Prime Minister Benjamin Netanyahu met the Nobel Prize winners later in the day, and said the Jewish penchant for inquiry, for inquisitive minds, has been its key to survival, and is also its key to the future. The only way a small people like the Jews and a small state like Israel can “keep on beating the odds” is to “make our capabilities – scientific, economic, culture – more powerful, more successful.”

This is something Israel is currently doing in the field of cyber-security, which Netanyahu said will be a “growth engine for at least 50 years.”

“I mention cyber because it’s an example of leveraging culture, leveraging science, into technology, into economic power which also gives you political power, alliances,” Netanyahu said.

“No nation can live without alliances. Superpowers need alliances. Well, a small country like Israel needs alliances.”

“No one makes peace with the weak,” Netanyahu said. “No one.
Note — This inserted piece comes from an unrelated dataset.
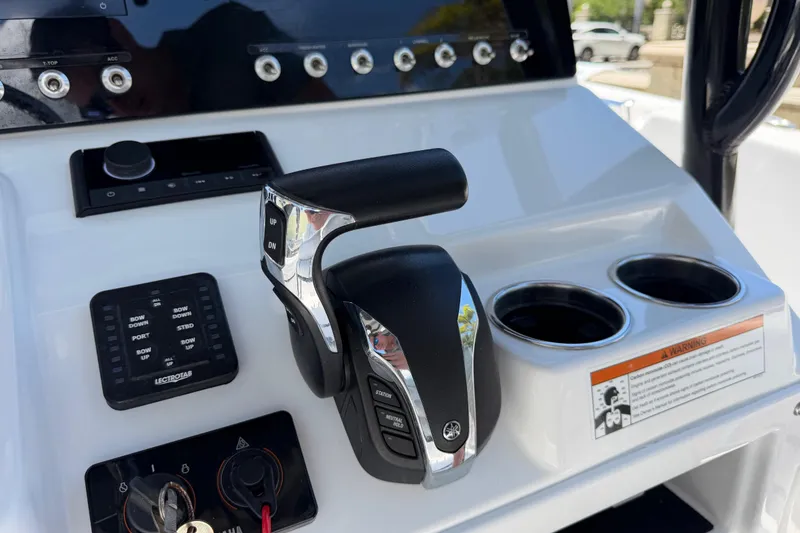 Slide: The Image of Control panel of 2022 Sportsman Heritage 231 Center Console with throttle and cup holders. - 15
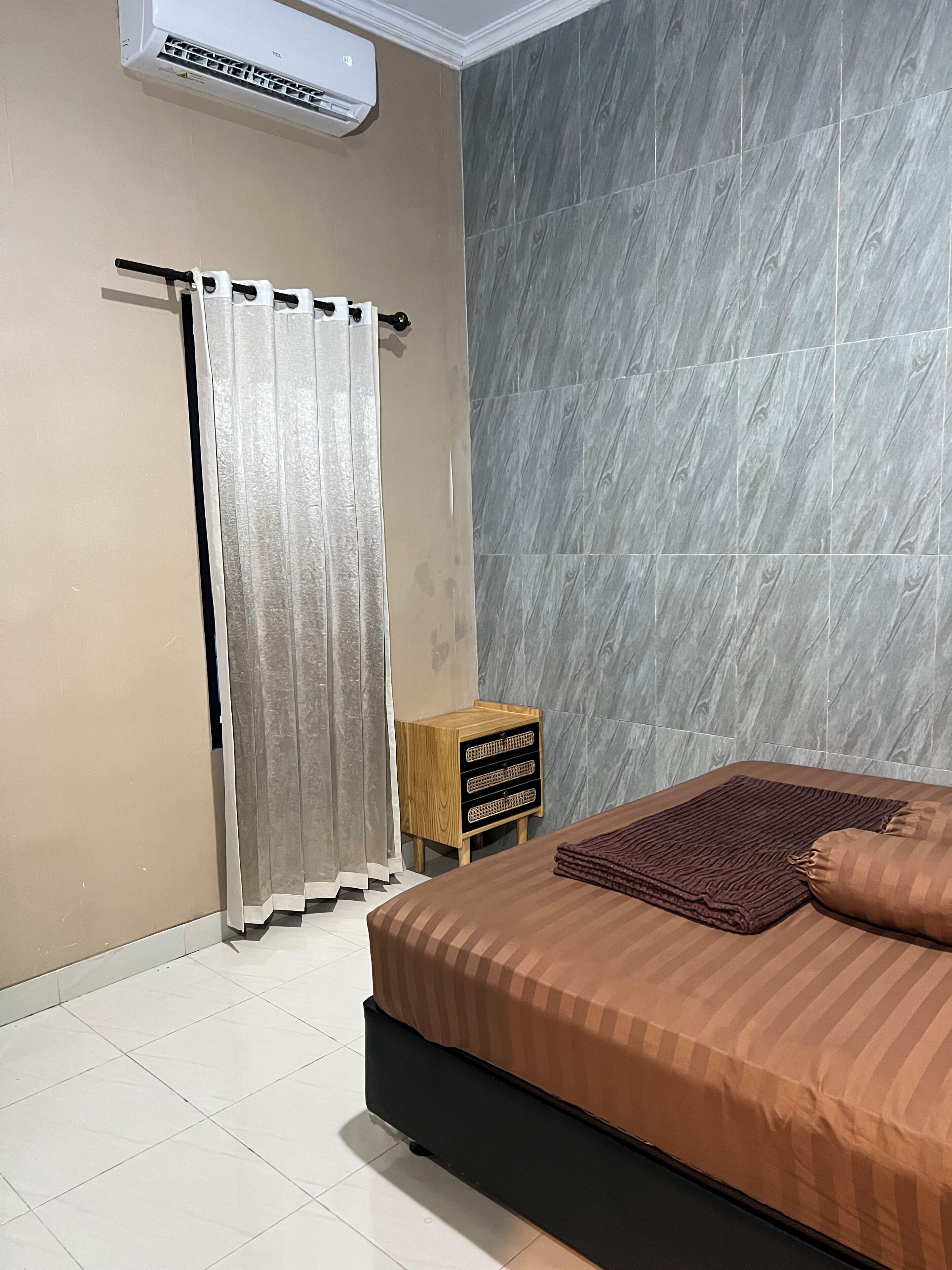 Une chambre à coucher comprenant un lit, un rideau, un climatiseur fixé au mur et une petite armoire en bois.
And so we have to be powerful for peace and for our future and for the prosperity of our people and for modernity to beat medievalism.

I view the core of that power, the engine that is represented in this room right now, that’s the core of our power: the power of the mind. That’s what we need and that’s what you represent and that’s what we admire.”

The event, which is taking place at the campus’s Wise Auditorium, continues until Thursday. Most of the participants are making their first visit to Israel and are not Jewish. The young scientists gave the laureates standing ovations after each spoke.

Several dozen foreign journalists and TV crews accompanied the groups of young scientists although the event attracted comparatively little coverage in the national media. TV interviewer and food and science buff Gil Hovav served as MC on the opening day.

Science, Technology and Space Minister Danny Danon, who just been named ambassador to the US by Prime Minister Benjamin Netanyahu, said the government was committed to increasing the representation of women among local scientists and to giving the universities “a lot more money to hire more women” on their academic staffs.

Foreign Ministry director- general Dore Gold told the packed auditorium that Israeli scientists have always had to emphasize the quality of their research to compete with the quantity of research carried out abroad.

“Aside from Iran and ISIS [Islamic State], some nations in this region are drawing together. I don’t know how this will come about, but Israelis with scientific backgrounds are making contributions to their Arab neighbors,” said Peri. “I won’t go into details. If we can draw together because of the mutual threat and build on it, we may be able to create new reality. Science will emerge as a key component for building peace in a new Middle East, and it may not be far away,” he said.

The audience was entranced by the modesty of the three Israeli Nobel laureates as they described their humble family backgrounds and their individual realizations that they were “on to something” despite often facing skepticism from colleagues.

Those three Israeli laureates were Prof. Ada Yonath, a Weizmann Institute crystallographer (joint 2009 Chemistry Nobel laureate); Prof. Robert (Yisrael) Aumann (mathematician who conducted work on game theory and was the 2005 Economics laureate); and Prof. Aaron Ciechanover, a physician and biologist who shared the 2004 Nobel in Chemistry for work on ubiquitin-mediated protein degradation with his Technion mentor Prof. Avram Hershko and US colleague Prof. Irwin Rose.